### PROMPT
Once you find the line with "Enciclopedia mondi dell" in the listing below, set down exactly every line from it through the line with "Buchcover LESEMAUS, Band", but no pictures.

### PROVIDED DATA
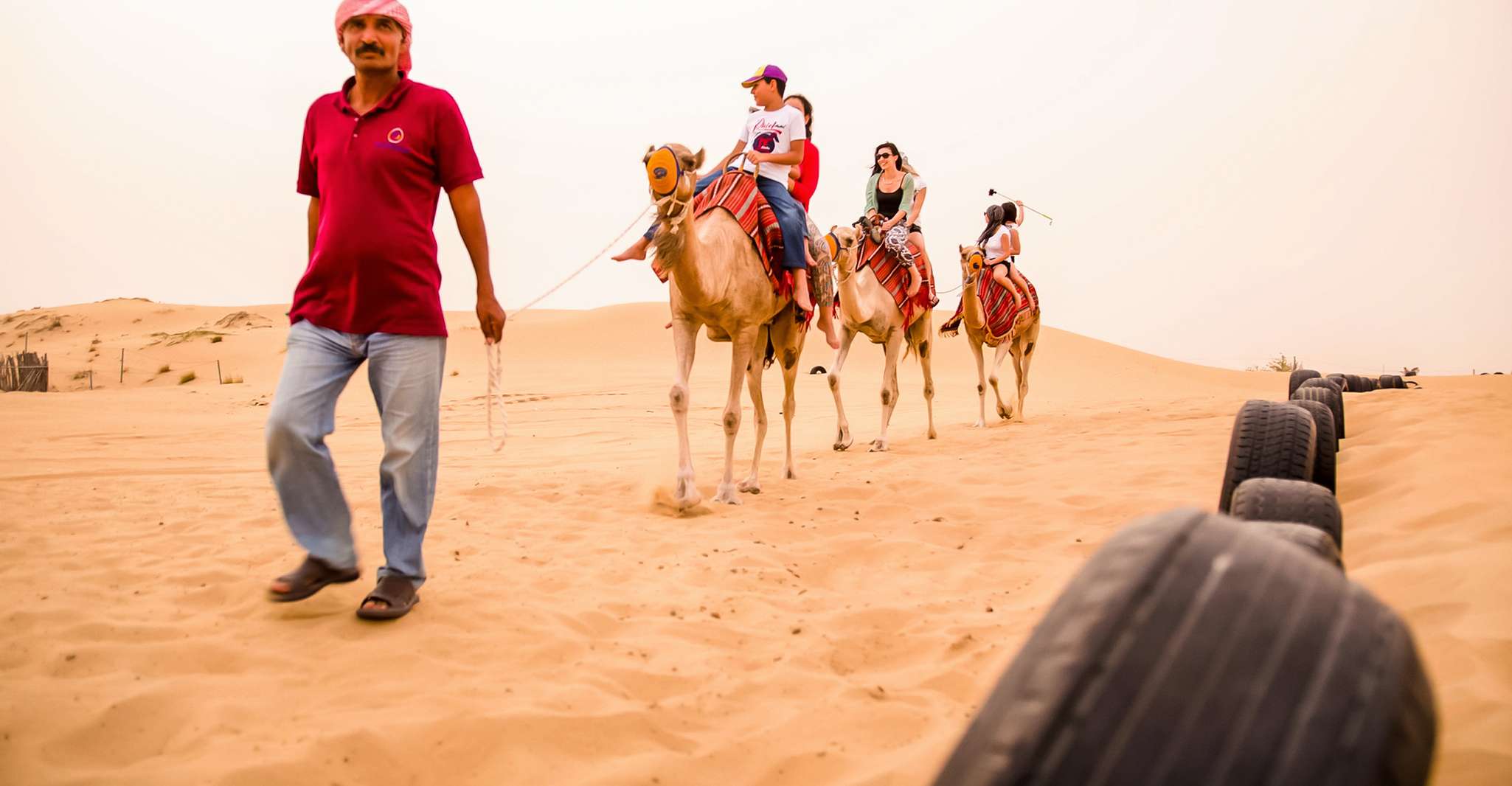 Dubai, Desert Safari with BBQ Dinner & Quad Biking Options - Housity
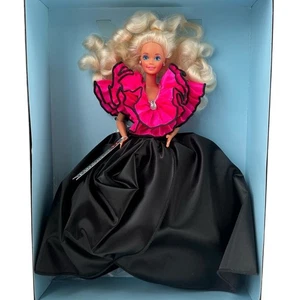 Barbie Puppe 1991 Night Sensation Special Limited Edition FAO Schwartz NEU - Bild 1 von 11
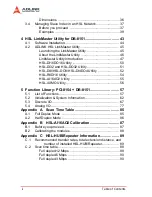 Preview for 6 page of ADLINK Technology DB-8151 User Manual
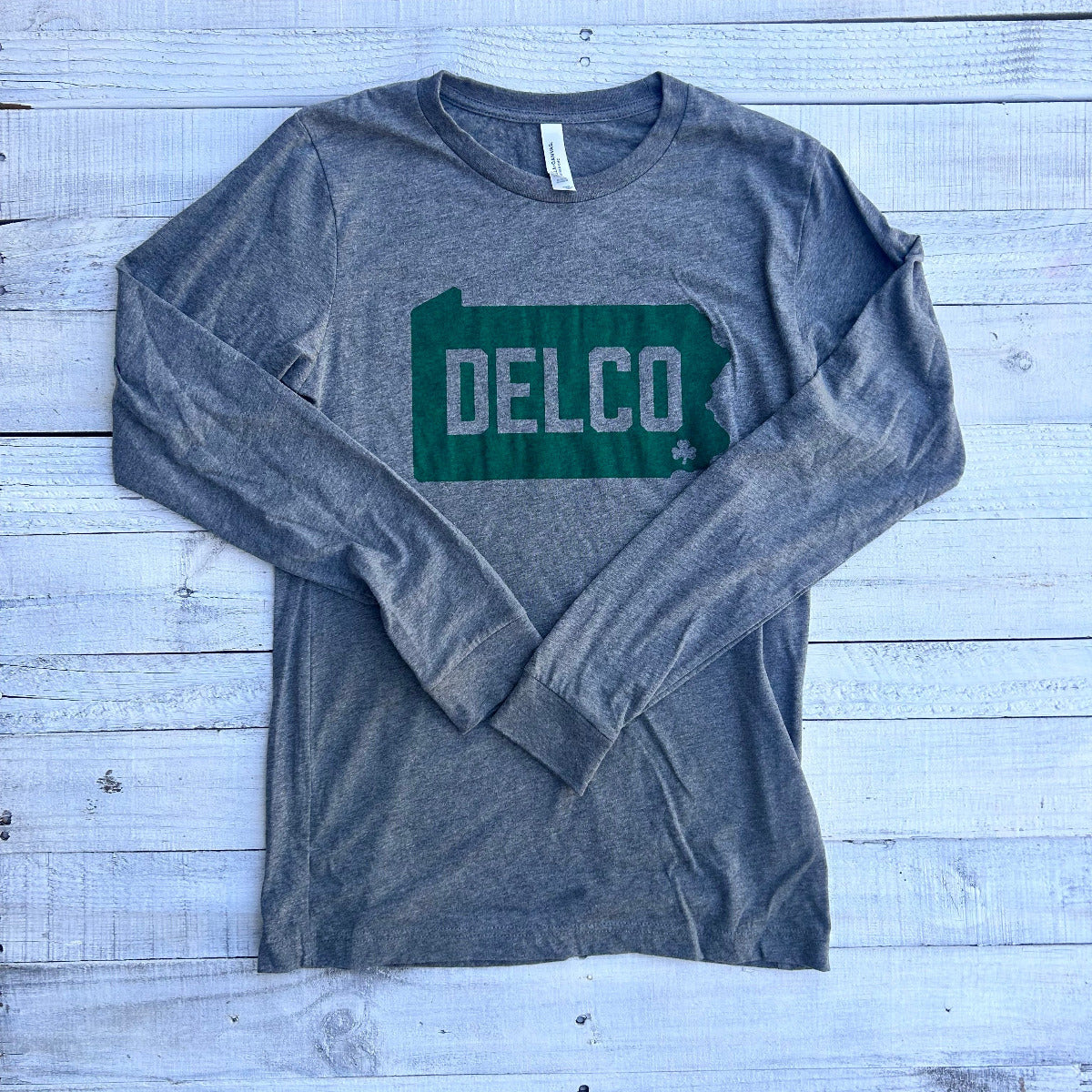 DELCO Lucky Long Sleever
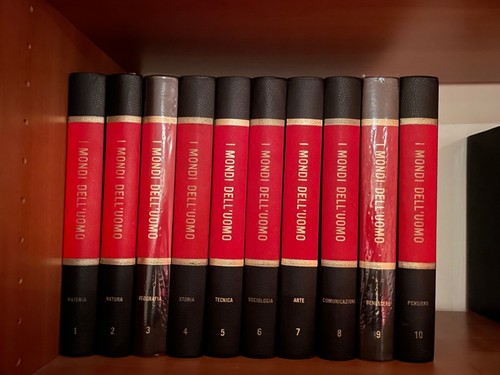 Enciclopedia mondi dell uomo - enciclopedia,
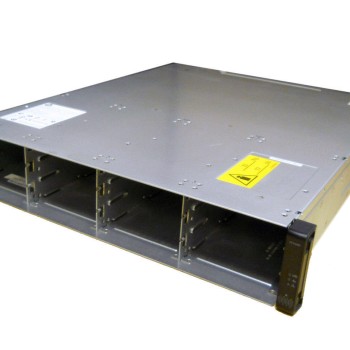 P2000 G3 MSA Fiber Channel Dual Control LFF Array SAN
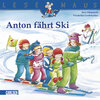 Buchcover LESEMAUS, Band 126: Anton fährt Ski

...

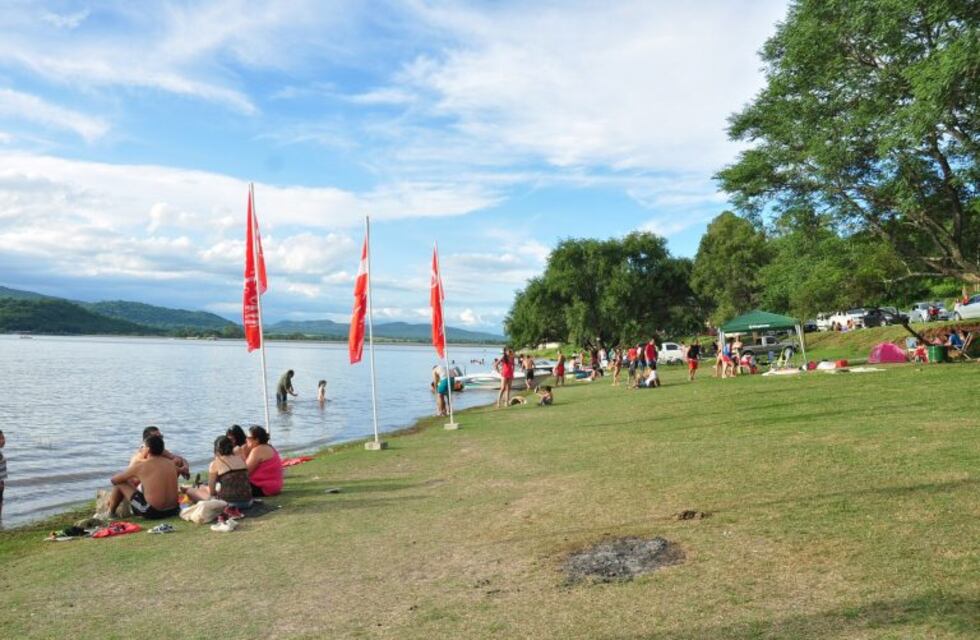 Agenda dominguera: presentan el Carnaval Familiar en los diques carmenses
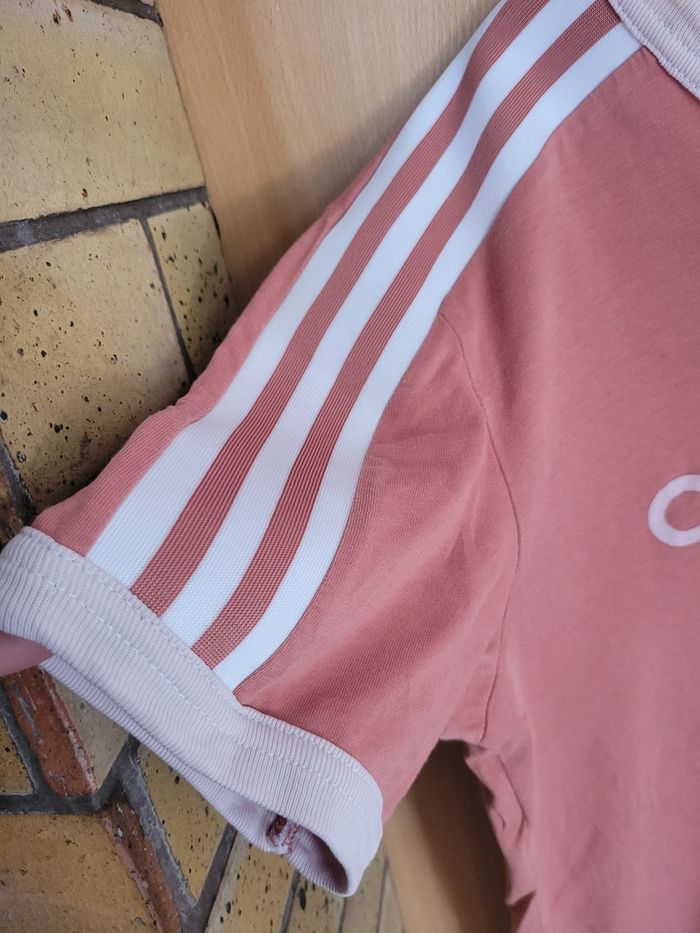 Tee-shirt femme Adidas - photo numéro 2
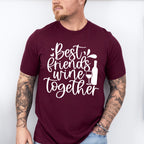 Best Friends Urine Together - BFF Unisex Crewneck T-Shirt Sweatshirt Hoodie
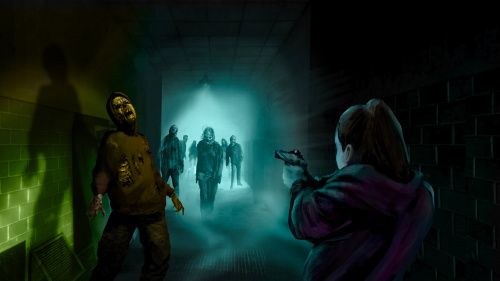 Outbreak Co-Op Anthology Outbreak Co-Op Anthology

### YOUR SOLUTION
 Enciclopedia mondi dell uomo - enciclopedia,
 P2000 G3 MSA Fiber Channel Dual Control LFF Array SAN
 Buchcover LESEMAUS, Band 126: Anton fährt Ski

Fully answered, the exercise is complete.